Supplied data:

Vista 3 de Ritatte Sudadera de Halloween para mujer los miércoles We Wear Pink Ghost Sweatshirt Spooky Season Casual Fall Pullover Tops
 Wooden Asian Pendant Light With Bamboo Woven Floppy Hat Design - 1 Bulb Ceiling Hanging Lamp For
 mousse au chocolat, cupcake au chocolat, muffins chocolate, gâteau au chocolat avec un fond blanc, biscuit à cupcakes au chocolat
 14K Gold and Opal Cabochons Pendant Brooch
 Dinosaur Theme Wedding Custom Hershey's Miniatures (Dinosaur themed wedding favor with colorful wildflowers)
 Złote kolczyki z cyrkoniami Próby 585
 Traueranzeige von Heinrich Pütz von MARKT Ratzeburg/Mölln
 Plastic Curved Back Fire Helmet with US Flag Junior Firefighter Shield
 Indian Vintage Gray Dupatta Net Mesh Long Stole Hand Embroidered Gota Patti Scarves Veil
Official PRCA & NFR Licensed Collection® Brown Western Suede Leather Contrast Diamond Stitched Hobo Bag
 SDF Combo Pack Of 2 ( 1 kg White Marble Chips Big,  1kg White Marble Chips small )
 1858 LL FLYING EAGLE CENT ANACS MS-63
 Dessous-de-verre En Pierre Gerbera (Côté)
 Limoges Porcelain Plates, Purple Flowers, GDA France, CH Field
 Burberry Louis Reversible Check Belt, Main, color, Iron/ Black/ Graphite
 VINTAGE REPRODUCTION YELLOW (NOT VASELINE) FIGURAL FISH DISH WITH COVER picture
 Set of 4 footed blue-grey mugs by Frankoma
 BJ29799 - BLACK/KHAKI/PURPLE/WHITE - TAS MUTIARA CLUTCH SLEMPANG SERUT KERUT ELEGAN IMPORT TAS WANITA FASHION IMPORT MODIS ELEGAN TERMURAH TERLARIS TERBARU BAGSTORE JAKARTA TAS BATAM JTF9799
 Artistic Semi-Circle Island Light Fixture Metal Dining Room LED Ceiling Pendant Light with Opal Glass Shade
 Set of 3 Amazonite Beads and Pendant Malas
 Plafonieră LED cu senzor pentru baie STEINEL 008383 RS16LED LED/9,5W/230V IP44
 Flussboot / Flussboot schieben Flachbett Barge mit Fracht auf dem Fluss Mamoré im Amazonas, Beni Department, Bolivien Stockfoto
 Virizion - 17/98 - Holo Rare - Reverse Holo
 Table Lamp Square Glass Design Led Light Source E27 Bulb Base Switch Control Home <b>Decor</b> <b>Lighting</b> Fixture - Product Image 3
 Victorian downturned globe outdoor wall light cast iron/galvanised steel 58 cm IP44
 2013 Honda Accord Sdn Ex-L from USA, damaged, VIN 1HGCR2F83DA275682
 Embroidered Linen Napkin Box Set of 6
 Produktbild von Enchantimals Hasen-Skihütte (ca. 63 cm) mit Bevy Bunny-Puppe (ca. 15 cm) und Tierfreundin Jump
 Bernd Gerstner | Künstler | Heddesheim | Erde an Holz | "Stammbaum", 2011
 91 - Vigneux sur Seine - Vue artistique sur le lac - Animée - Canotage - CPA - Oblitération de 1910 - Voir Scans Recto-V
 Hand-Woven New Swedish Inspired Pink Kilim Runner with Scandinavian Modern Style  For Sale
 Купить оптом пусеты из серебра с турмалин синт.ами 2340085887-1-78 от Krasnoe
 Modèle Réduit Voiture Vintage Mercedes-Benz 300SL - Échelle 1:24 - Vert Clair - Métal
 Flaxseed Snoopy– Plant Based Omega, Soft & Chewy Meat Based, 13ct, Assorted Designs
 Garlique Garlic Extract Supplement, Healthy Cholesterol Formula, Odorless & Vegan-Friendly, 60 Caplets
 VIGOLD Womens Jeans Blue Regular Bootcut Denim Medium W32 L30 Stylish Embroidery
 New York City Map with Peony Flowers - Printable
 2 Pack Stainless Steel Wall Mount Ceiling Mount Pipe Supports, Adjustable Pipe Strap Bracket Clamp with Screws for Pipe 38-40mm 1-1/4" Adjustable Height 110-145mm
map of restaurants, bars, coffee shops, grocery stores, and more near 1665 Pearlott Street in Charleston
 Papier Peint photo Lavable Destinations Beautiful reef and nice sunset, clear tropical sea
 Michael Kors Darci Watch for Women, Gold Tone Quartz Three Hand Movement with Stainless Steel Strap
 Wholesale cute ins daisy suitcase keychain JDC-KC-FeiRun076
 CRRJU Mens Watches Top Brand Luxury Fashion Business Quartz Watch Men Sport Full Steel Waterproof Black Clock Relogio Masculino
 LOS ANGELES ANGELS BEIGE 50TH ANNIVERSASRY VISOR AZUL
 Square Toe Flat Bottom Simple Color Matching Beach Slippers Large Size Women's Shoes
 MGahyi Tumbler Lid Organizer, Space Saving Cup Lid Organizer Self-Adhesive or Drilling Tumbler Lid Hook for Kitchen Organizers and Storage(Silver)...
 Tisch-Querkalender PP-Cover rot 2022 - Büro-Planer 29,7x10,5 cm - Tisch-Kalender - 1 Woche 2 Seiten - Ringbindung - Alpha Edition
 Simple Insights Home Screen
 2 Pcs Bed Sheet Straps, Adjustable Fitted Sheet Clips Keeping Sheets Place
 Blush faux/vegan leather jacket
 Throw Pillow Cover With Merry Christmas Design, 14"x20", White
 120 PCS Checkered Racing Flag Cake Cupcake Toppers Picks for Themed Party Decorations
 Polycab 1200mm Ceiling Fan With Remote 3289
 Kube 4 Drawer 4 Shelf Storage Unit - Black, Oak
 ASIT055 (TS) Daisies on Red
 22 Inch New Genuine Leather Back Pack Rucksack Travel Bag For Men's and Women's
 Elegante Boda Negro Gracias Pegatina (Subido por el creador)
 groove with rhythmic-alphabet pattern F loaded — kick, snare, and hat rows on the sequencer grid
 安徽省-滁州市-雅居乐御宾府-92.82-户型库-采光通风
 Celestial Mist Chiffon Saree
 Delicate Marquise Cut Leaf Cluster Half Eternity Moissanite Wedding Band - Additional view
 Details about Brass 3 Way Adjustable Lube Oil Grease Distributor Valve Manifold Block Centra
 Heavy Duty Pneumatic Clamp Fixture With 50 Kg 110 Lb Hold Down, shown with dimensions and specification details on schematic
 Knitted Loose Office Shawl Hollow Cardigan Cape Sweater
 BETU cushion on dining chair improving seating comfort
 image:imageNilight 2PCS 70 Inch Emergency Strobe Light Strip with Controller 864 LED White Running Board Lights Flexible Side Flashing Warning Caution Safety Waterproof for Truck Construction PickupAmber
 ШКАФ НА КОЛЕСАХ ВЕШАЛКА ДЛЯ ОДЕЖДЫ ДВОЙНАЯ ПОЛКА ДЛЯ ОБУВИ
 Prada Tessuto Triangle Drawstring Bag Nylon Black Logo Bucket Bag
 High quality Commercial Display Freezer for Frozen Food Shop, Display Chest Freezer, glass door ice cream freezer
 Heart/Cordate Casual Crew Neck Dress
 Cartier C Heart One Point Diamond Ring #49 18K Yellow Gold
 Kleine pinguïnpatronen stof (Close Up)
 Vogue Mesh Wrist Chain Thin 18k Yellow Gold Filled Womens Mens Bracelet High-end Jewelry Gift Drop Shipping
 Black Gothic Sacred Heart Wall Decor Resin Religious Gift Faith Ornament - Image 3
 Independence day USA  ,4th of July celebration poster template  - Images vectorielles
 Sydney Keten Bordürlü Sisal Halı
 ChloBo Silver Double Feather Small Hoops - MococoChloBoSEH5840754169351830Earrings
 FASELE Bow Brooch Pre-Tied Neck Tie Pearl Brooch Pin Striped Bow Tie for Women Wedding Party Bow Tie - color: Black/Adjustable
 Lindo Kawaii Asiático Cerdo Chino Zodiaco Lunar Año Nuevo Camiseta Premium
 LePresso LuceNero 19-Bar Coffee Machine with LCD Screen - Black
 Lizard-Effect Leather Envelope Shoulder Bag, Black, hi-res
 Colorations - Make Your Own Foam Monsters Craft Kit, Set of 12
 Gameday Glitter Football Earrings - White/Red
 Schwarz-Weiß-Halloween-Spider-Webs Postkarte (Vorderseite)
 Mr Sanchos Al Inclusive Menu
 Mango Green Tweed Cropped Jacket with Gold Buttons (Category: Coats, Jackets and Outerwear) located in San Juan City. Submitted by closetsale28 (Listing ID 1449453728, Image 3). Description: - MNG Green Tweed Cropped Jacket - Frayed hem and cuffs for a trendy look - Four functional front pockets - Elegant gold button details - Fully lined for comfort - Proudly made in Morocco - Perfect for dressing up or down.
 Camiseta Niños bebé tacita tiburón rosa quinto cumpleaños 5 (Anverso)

About this task: Word for word, restate the lines of the data above that fall between the line holding "Kleine pinguïnpatronen stof (Close Up)" and the line holding "ChloBo Silver Double", inclusive, and no other lines.

Result below:
 Kleine pinguïnpatronen stof (Close Up)
 Vogue Mesh Wrist Chain Thin 18k Yellow Gold Filled Womens Mens Bracelet High-end Jewelry Gift Drop Shipping
 Black Gothic Sacred Heart Wall Decor Resin Religious Gift Faith Ornament - Image 3
 Independence day USA  ,4th of July celebration poster template  - Images vectorielles
 Sydney Keten Bordürlü Sisal Halı
 ChloBo Silver Double Feather Small Hoops - MococoChloBoSEH5840754169351830Earrings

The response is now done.